過去10年間で、県が撤去した横断歩道橋は、6橋であります。撤去に至った主な原因は、周辺施設の移転等による利用者の減少、地元自治体の意向、当該横断歩道橋の老朽化などの原因が挙げられます。
③横断歩道橋に関する市町村からの相談について
市町村が管理する道路に関しては、日頃から様々な相談を受けており、横断歩道橋についても、これまでに改修や撤去等の工法や費用に関する相談を受けています。県としては、このような相談に対し、市町村の意向を踏まえ、工事・設計に関する技術的事項や国の補助事業の活用などについて、助言を行っています。

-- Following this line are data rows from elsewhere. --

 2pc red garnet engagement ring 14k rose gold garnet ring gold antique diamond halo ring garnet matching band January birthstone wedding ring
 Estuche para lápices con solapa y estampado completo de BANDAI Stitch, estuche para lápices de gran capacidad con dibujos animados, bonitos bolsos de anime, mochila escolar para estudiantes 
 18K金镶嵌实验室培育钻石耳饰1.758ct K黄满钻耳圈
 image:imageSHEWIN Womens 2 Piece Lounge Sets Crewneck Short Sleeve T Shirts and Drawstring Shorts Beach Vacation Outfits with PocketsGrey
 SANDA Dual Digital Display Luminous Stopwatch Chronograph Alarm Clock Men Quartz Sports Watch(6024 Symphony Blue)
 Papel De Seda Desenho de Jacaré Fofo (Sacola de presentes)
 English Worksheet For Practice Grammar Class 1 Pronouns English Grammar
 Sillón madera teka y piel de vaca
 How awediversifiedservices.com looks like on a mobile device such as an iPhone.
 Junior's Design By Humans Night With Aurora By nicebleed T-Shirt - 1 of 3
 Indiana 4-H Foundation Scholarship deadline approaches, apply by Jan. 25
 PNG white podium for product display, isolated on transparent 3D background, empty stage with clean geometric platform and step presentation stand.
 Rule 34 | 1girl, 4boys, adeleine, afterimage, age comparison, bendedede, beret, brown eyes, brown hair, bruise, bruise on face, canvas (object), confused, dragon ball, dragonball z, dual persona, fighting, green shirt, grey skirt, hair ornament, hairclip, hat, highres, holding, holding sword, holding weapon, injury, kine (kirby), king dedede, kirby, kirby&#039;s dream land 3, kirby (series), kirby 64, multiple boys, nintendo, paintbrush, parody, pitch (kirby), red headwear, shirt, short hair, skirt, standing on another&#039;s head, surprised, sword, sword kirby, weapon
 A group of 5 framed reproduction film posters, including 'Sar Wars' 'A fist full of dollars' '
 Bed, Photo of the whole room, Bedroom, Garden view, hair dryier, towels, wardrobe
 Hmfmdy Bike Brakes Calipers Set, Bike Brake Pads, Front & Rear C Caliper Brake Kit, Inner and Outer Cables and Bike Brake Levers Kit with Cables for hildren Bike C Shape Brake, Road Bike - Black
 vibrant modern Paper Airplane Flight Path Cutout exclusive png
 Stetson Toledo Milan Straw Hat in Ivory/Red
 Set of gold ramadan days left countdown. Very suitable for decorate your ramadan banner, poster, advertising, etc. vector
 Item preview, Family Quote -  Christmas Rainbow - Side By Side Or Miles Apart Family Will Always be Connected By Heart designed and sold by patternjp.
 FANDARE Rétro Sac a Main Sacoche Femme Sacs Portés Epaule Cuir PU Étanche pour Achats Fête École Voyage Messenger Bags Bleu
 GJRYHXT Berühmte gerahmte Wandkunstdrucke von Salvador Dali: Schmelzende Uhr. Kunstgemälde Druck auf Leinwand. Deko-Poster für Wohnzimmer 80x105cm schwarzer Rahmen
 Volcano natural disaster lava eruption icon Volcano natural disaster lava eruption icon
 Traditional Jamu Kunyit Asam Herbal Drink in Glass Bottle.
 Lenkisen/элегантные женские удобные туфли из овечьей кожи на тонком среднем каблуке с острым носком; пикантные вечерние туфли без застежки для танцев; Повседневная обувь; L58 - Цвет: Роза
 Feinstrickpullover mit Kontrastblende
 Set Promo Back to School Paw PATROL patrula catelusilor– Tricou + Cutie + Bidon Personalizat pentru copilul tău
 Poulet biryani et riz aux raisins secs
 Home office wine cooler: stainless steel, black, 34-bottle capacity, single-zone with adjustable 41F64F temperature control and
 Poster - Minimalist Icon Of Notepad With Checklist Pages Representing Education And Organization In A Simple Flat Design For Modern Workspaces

④「横断歩道橋の新設や撤去についての今後の方針」について
横断歩道橋は、これまで主に、交通量が多く交通安全対策上、効果的な箇所に設置して今後も、必要な箇所については、地元の意向も踏まえ、利用者に配慮した横断歩道橋の新設を検討して参ります。一方、昨今の少子高齢化やバリアフリー化といった社会情勢の変化の中で、横断歩道橋へのニーズも変化しております。こうしたことから、既設の横断歩道橋の中で、設置時から周辺状況が変化し、利用者が減少しているものについては、地元自治体の意向や、老朽化の状況等も踏まえ、撤去も選択肢の一つとして検討して参ります。